Evening Standard: ***** “Chanel remains somewhat of a mysterious titan of the 20th century. Nazi collaborator or resistance fighter? From abject poverty to dictating dress codes for high society. Her ideas disrupted the status quo, but ultimately became synonymous with the most polite of bourgeois dressing. She may have painted her world in black and white, but the shades of grey remain prescient.”

Quintessentially.com: “Every room instils awe and wonder with its sumptuous display, lighting and music, and you can’t help but continue walking through with a sense of child-like giddy excitement.”
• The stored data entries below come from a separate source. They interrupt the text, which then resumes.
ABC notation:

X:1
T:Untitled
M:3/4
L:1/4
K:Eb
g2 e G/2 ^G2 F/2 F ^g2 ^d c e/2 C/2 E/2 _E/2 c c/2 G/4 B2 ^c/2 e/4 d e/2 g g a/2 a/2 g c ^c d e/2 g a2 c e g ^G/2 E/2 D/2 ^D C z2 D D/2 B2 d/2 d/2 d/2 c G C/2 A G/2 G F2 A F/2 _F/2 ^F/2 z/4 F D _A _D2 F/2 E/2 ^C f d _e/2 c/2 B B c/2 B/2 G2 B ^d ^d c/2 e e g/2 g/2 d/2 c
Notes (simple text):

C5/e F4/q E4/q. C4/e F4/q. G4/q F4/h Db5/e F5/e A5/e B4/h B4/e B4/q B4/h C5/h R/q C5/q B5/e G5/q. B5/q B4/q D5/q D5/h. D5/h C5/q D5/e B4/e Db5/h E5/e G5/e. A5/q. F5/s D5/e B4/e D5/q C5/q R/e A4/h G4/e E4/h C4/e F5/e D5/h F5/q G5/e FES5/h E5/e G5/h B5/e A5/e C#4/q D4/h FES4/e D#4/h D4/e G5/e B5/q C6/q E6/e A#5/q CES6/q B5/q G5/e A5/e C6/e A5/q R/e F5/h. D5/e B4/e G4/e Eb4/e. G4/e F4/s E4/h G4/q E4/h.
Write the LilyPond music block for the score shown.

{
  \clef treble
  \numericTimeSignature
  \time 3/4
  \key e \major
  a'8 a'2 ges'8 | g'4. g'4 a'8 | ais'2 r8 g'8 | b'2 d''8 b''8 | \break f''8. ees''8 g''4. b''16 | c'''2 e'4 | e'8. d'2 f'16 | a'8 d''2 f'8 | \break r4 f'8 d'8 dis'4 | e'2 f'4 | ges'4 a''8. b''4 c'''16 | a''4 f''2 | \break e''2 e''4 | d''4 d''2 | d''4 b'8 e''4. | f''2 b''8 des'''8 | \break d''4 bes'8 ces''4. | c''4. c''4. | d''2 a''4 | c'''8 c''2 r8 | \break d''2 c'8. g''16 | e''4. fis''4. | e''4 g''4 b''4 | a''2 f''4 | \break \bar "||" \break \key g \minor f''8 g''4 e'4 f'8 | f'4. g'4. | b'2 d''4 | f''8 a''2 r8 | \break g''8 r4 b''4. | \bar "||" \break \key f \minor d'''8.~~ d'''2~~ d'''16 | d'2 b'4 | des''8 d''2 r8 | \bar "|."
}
Bloomberg.com: “London’s V&A Museum has been staging blockbuster fashion exhibitions over the past decade: The theatrical and punk “Alexander McQueen: Savage Beauty” show broke attendance records; the museum was open overnight to accommodate demand. And “Christian Dior: Designer of Dreams,” with all of its exquisite tulle, taffeta and tailoring, became the museum’s best-attended show of all-time.”

NEW YORK – MARCH 24: Actress Marilyn Monroe gets ready to go see the play “Cat On A Hot Tin Roof” playfully applying her make up and Chanel No. 5 Perfume on March 24, 1955 at the Ambassador Hotel in New York City, New York. (Photo by Ed Feingersh/Michael Ochs Archives/Getty Images)

The Daily Mail: **** “No exhibition is a biography and such shows are ultimately about the fashion. But even as I departed, swooning with admiration and delight at the clothes, I found myself with more questions than answers about the real Gabrielle Chanel.”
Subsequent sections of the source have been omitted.